Eu já estava cansado dessa rotina. Minha mãe me levava a essas consultas desde os dez anos, quando a diretora da escola sugeriu que eu precisava de “ajuda profissional”. Naquela época, minha mãe tinha começado a perceber coisas que me diferenciavam das outras crianças. Ela não dizia, mas eu sabia o que ela pensava. Psicopatia. Crises compulsórias. Dualidade. Agressividade. Todos esses rótulos que ela jogava para tentar entender o que eu era.
No começo, as consultas eram um saco. Sentar ali, expor pedaços da minha mente para alguém que fingia se importar. Mas eu aprendi a jogar o jogo rápido. Descobri como manipular as respostas para parecer normal o suficiente, mas ainda manter Kristina intrigada. Era divertido, às vezes.
Mas, com o passar dos anos, as coisas pioraram. Yolanda foi embora. Depois disso, tudo desmoronou. A paciência que eu mal tinha desapareceu, e as consultas começaram a ser o único lugar onde eu podia, de alguma forma, extravasar sem causar um estrago maior.
Kristina era bonita. Não de um jeito óbvio ou exagerado, mas discreto. O tipo de mulher que chamava atenção sem esforço. Seu jaleco sempre impecável, os cabelos loiros presos em um coque, mas alguns fios teimosos caíam ao redor do rosto, quase como se quisessem suavizar a seriedade dela.
Agora, com dezessete anos. Sentado naquela cadeira, balançando o pé como sempre, enquanto ela rabiscava algo no caderno.
— Você está mais calmo hoje. — Ela comentou, levantando os olhos para me encarar.

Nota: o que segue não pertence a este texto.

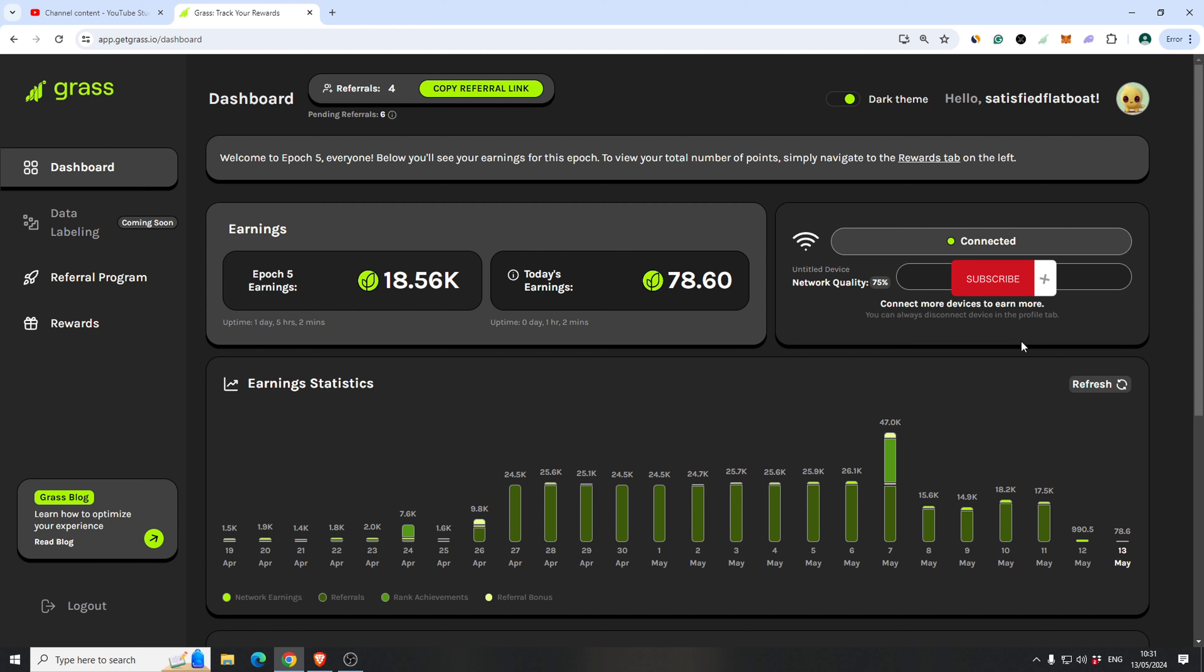CryptoL here, welcome! In this video I'm gonna do a quick recap on GRASS.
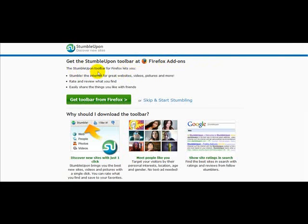The StumbleUpon toolbar on Firefox lets you stumble the internet for great websites, videos, pictures and more, rate and review what you find, and easily share the things you like with friends.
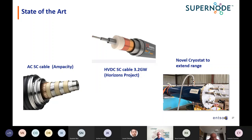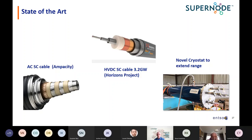Superconducting cables can handle both AC and DC technology — they love DC. As part of the EU Horizons Best Paths project, a trial was done with a superconducting DC cable where a single pole carried 10 kiloamps at 320 kV, which is 3.2 gigawatts. With a bipole you're looking at 6.4 gigawatts in a very small space — and that was actually a low-temperature superconductor.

Eu dei de ombros. Não valia a pena responder. Mas foi nesse momento que eu notei. Ela não estava apenas me encarando. Os olhos dela desceram rapidamente para os meus lábios. Foi sutil, algo que qualquer pessoa comum ignoraria. Mas eu não era qualquer pessoa. Eu vi.
Ela disfarçou rápido, voltando ao caderno. Mas eu sabia. Eu sempre sabia.

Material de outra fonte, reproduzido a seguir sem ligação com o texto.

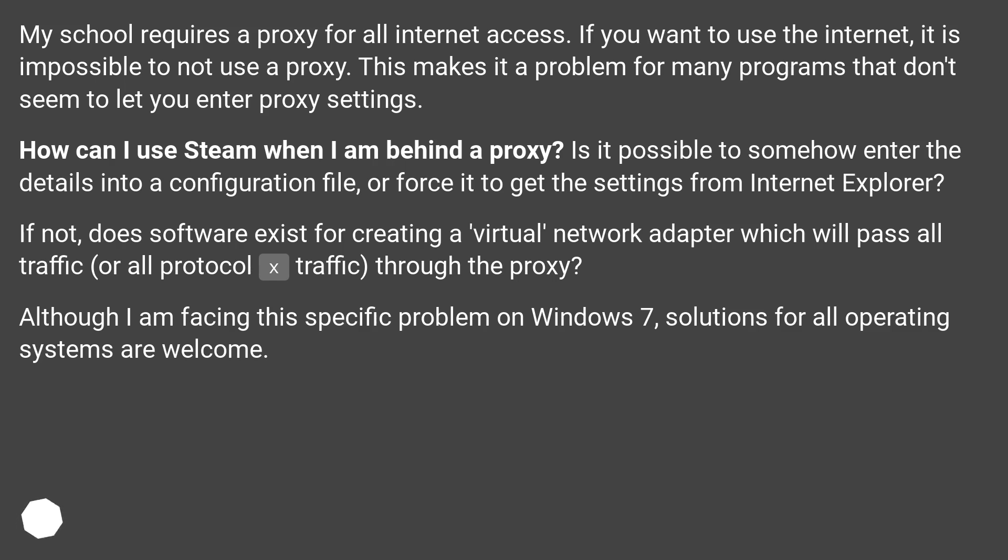Although I am facing this specific problem on Windows 7, solutions for all operating systems are welcome.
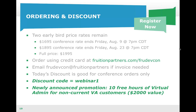I'm going to wrap up and just check and see if we have any questions. If you have any, go ahead and type them up, or else you can always email us at frudevcon@fruitionpartners.com and we're happy to help you out. Looks like we're ending right on time. Thank you so much. Have a great day. Bye.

Na consulta seguinte, decidi testar. Quando ela perguntou como eu me sentia, inclinei o corpo levemente para frente, deixando minha voz ficar mais baixa, mais íntima.

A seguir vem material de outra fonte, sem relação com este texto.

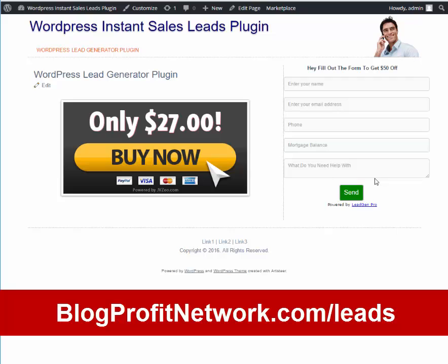So hope you enjoyed this video. Go grab a copy of this plugin. I know you're going to start using it to generate leads and make more money. So thanks again, this is Marcus from blogprofitnetwork.com. I hope you enjoyed this video. I hope you start using this plugin. Again, it's a super inexpensive option for those who want to start generating leads. So go grab it, blogprofitnetwork.com/leads. Thanks again for watching and I'll see you in the next video.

— Você realmente quer saber como eu me sinto, Kristina?
Ela hesitou por uma fração de segundo. Foi quase imperceptível, mas lá estava. A dúvida. O nervosismo.
— Claro, Tom! — Respondeu, a voz estável. Mas eu vi as mãos dela se mexendo de forma sutil, como se não soubesse onde colocá-las.
Eu continuei jogando o jogo. Não porque eu gostasse dela. Não porque eu me importasse. Foi só porque eu podia. Eu sabia que era bonito, e Kristina sabia disso também. Talvez, naquele momento, eu quisesse me sentir no controle de algo. Eu estava preso àquela rotina miserável, sem Yolanda, sem qualquer emoção real. Talvez aquilo fosse só um jeito de passar o tempo.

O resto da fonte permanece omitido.